Crutchfield:That totally makes sense. I haven't abandoned it and I'm very excited by it, but to my core, the reason I do this is because I love making records and I love writing songs. That's my natural state of being. All the extraneous things that you have to do when you are a musician — taking photos and talking to people about your music and making all these plans — it's really strange. When I was 15 or 16, starting to write songs and starting to realize how much I enjoyed doing that, I never in a million years thought, "Oh, I'm going to have to do a hundred other things once I start doing that." It can make things feel out of focus, because [writing and recording songs] is what I am most excited about doing all the time, that's more so what I mean. I don't really turn my back to what I just made.

McCaughan: You're not stopping playing the songs from the first two records just because you made a third a record.

Crutchfield: Exactly. I love playing songs from all the records.

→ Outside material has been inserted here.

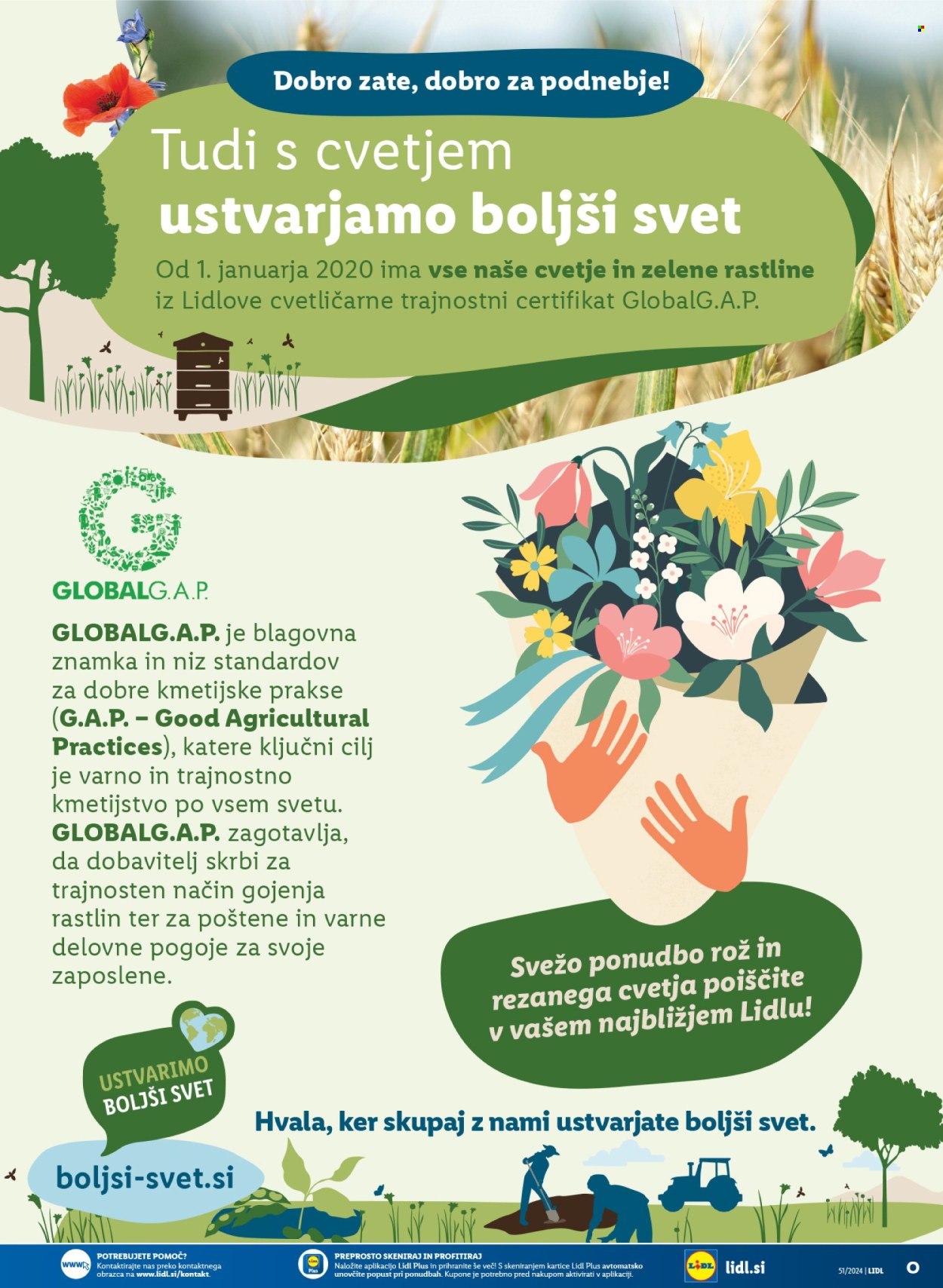 Lidl katalog - 19.12.2024 - 24.12.2024. Stran 35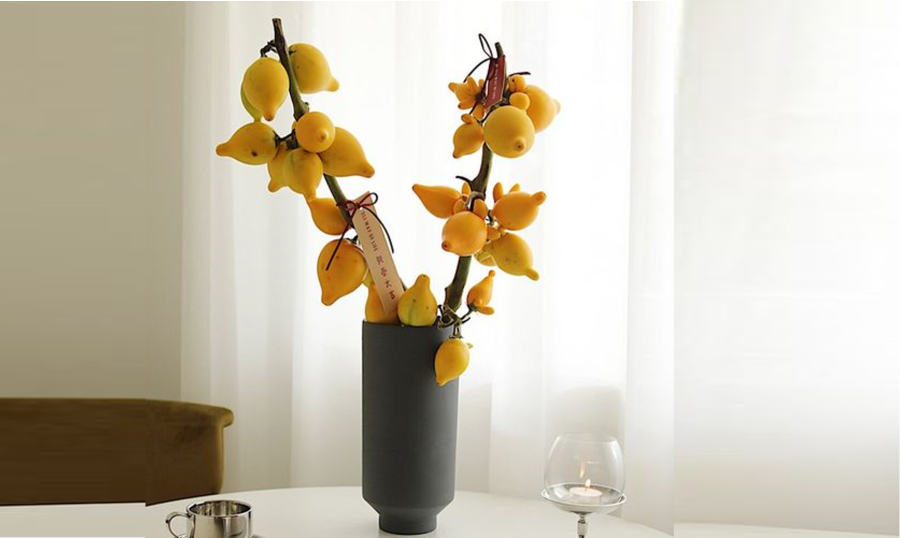 Ngũ đại đồng đường tượng trưng sum vầy – giúp cân bằng năng lượng Thổ trong nhà.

McCaughan: I've always been a fan of bands that were super productive. Going back to being someone who's just buying records, I always liked a band that was putting out a record and then six months later you'd see a 7-inch of new songs, like Unrest. I liked bands where it felt like they had the attitude of what you're saying, of always moving on to make the next thing because they wanted to, because they were excited about that. It's exciting as a fan to know that stuff is always coming down the pike.

How often are you guys working on new songs?

Crutchfield: Lately I've been really wrapped up in the stuff with the new record and going on tour, so I've been writing a little bit less. When I was younger I would write all the time, like every day I would work on songs. Now it's been more passive. I'm always sort of jotting down ideas and hoarding fragments of ideas and collecting them and constantly shaping the idea of a record. When I get back from this long tour, hopefully I can flesh out some of those ideas.

McCaughan: Over the last 10 or 15 years I've had to compartmentalize everything a lot more. Having kids and the label being so busy, in a good way I have to plan much more when am I working. I'll look at a day and say, "Okay, I'm taking the kids to school at 8, and then between 9 and 11 I'll work on music, then I'll go to Merge ... " The day kind of goes like that unless I'm in the middle of mixing the record or just trying to finish something, in which case I'll just spend all day on it. Right now I'm working on a film score and I find that if I know that I have three hours every morning this week to work on that, then I can get a lot done, maybe more than if I just had these wide open days in front of me like when I was 25, or whatever. If I know I have to write three minutes of music and record it to a point where I can at least play it for someone in the next two and a half hours, then I can usually get that done.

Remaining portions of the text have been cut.